**TASK BRIEF**
Set out exactly, and only, the lines running from the one containing "无翼乌的秘密：探寻翅膀缺失的故事与寓意" to the bottom of the listing below; pictures stay out.

■ ■ ■ ■ ■ ■ ■

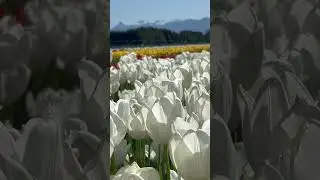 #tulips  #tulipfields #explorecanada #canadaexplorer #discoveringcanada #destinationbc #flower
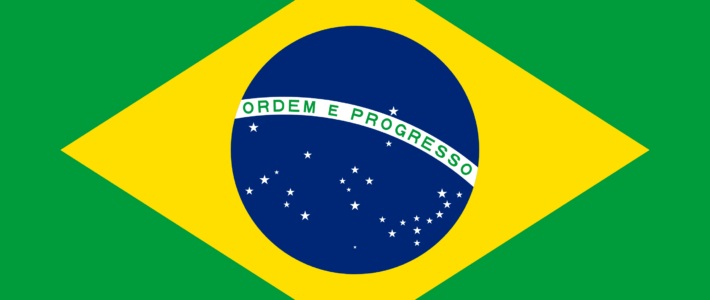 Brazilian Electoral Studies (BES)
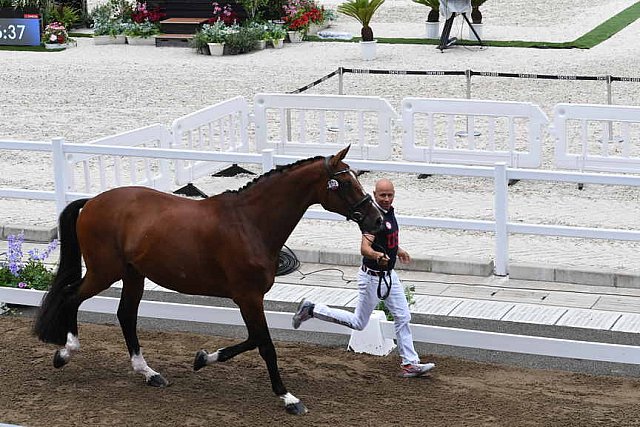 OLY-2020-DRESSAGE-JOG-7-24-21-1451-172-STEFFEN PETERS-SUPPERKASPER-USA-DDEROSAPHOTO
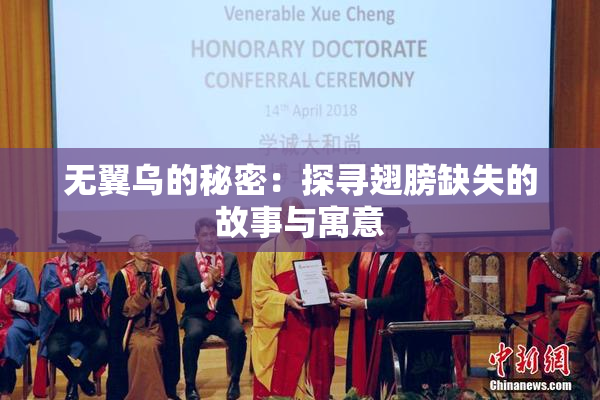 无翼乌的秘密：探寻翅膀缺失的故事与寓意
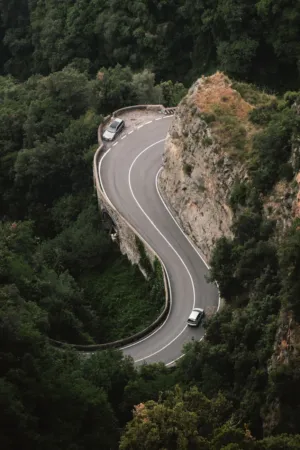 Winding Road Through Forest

■ ■ ■ ■ ■ ■ ■

**TASK SOLUTION**
 无翼乌的秘密：探寻翅膀缺失的故事与寓意
 Winding Road Through Forest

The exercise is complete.